Já a oferta de gás natural, por sua vez, estruturou-se historicamente com maior exposição à importação – primeiro através do Gasoduto Bolívia-Brasil, em fins da década de 1990, e mais recentemente com a importação de GNL para atender a geração das térmicas. Nos últimos anos, a produção nacional respondeu, em média, por 63% da oferta interna, a importação da Bolívia por 22% e o GNL importado por 15%, superando 30% em períodos de plena geração térmica – mas a contribuição do gás boliviano era relativamente maior nos anos 2000. O GNL é foi o instrumento de flexibilidade definido para a indústria do gás no Brasil lidar com a variabilidade da geração térmica, responsável por dobrar a demanda nos meses de geração elevada. As restrições no mercado mundial de gás, por seu turno, abrem espaço para novos recursos, como a estocagem de gás – conciliando o perfil de oferta inflexível (associada ao petróleo) com a demanda térmica variável.

Figura 1 – Balanço Mensal de Oferta e Demanda de Gás Natural no Brasil (milhões m³/dia)

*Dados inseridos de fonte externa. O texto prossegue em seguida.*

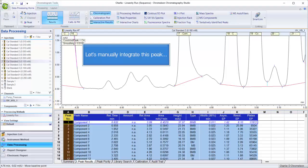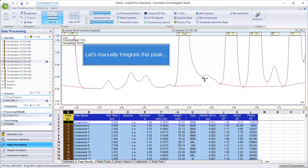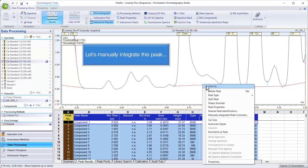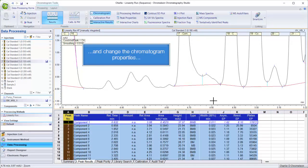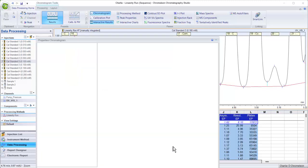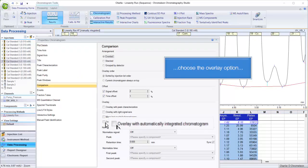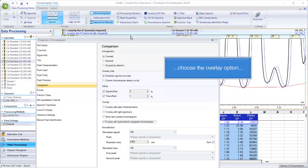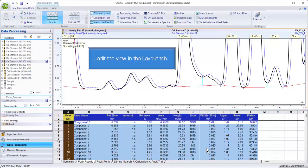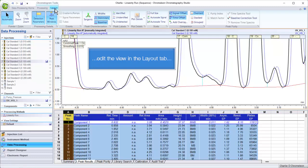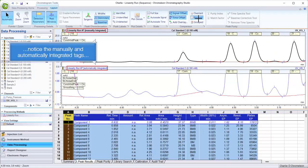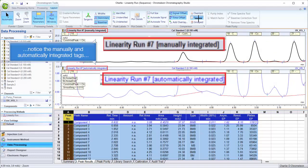Let's manually integrate this peak and change the chromatogram properties. Choose the overlay option, then edit the view in the Layout tab. Notice the manually and automatically integrated tags.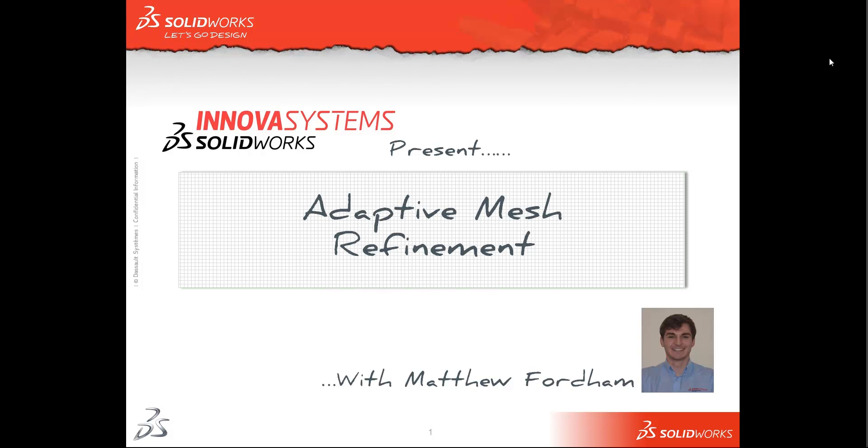Hi there, and welcome to another web snippet brought to you by the guys here at Innova Systems. My name's Matthew, and this time I'm going to be talking about adaptive mesh refinement in SOLIDWORKS simulation.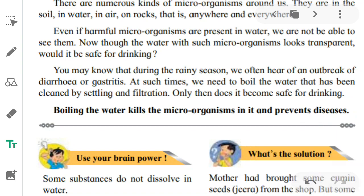We can protect ourselves by using boiled water. When we boil water, the harmful microorganisms present in the water die and the water becomes safe for drinking. So boiling the water kills the microorganisms in it and prevents diseases. Boiling is helpful for us.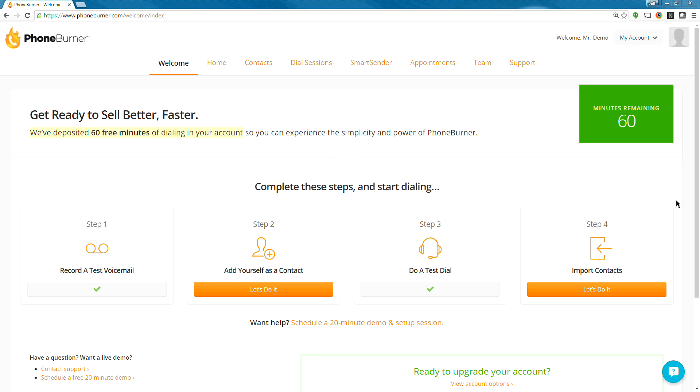Hello and welcome to the PhoneBurner demo today. I am your host, Jeff Osnes. I appreciate you taking the time today to join us for the PhoneBurner demo, and I'm looking forward to walking you through the system and helping you see how this is set up.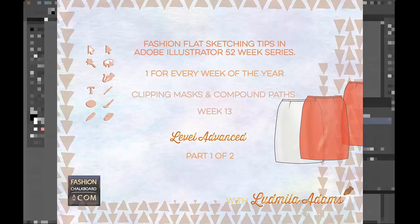Hello and welcome to week 13. This is Ludmilla Adams from Fashion Shockboard. You're watching One Tip of the series 52 Weeks of Fashion Sketching in Adobe Illustrator.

Fonte: Elaboração própria com dados do MME

Embora a situação no curto prazo seja favorável à geração hidráulica e a evolução do mercado de eletricidade aponte para excesso de oferta nos ambientes livre e regulado nos próximos anos, a exposição à importação de GNL pode pressionar preços e tarifas de eletricidade no médio prazo, a depender da necessidade momentânea de geração. Os custos variáveis das térmicas a gás estão indexados a diferentes preços internacionais, internalizando as condições restritivas do mercado de GNL para o país, incluindo riscos de acesso ao energético face à aquisição dos carregamentos no mercado spot. Enquanto o preço médio do GNL importado ficou em US$ 15,90/MMBtu em 2021, segundo dados do MME, as importações no primeiro semestre de 2022 (bem menores em volume) chegaram a atingir US$ 50/MMBtu.[1]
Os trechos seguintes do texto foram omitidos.